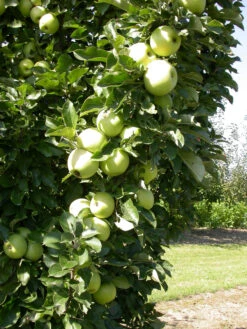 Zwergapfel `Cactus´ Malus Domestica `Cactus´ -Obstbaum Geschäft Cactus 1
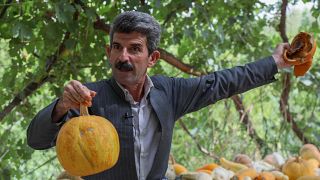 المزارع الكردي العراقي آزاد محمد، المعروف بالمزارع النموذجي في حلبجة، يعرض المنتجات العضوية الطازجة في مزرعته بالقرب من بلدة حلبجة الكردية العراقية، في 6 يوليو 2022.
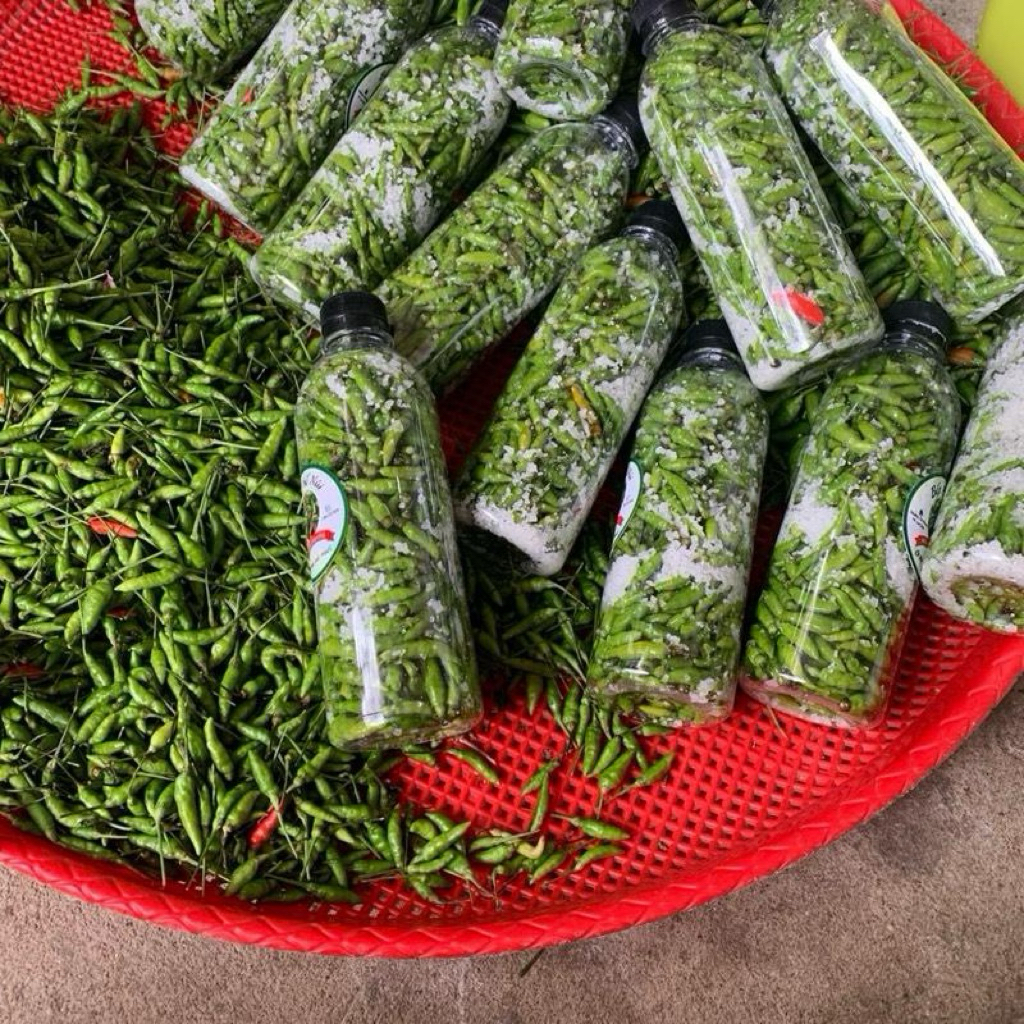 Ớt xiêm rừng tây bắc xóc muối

==

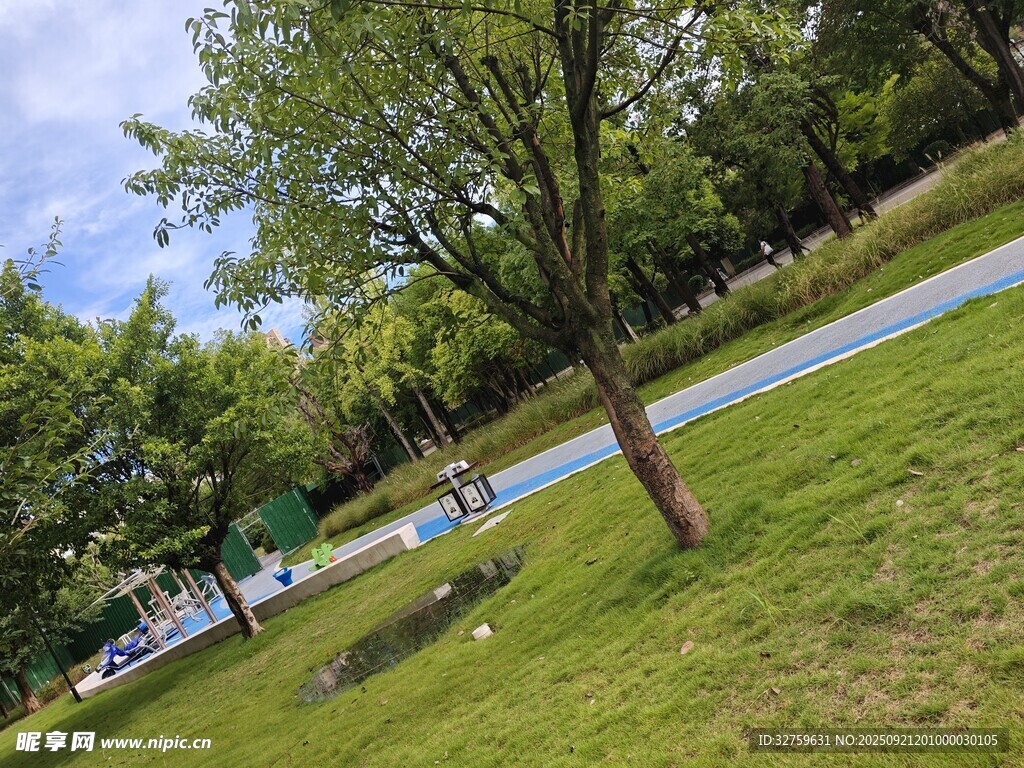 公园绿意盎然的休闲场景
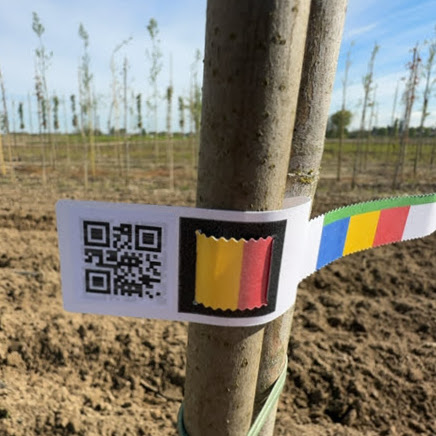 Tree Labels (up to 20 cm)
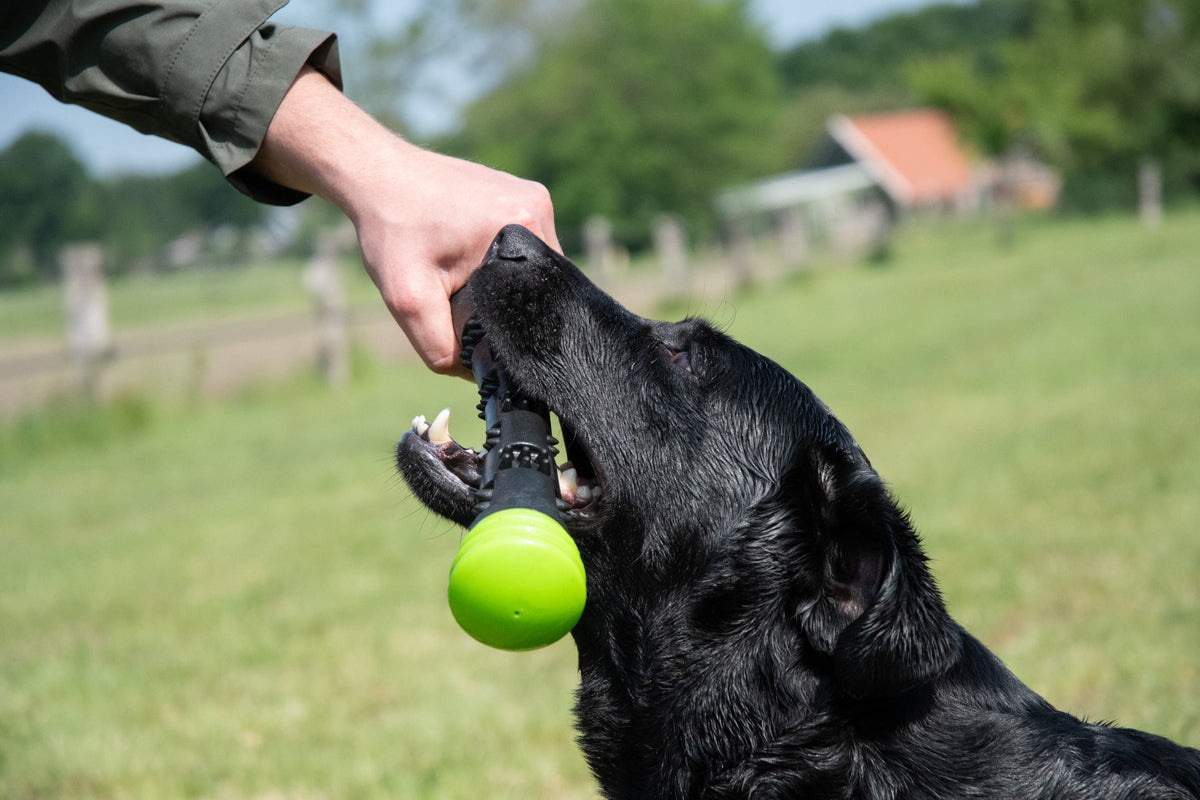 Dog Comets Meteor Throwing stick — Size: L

Aim of the exercise | Would you please repeat only the lines above, beginning at the one that has "المزارع الكردي العراقي" and stopping after the one that has "Ớt xiêm rừng tây bắc xóc muối", exactly and with no pictures?

Response to this exercise |
 المزارع الكردي العراقي آزاد محمد، المعروف بالمزارع النموذجي في حلبجة، يعرض المنتجات العضوية الطازجة في مزرعته بالقرب من بلدة حلبجة الكردية العراقية، في 6 يوليو 2022.
 Ớt xiêm rừng tây bắc xóc muối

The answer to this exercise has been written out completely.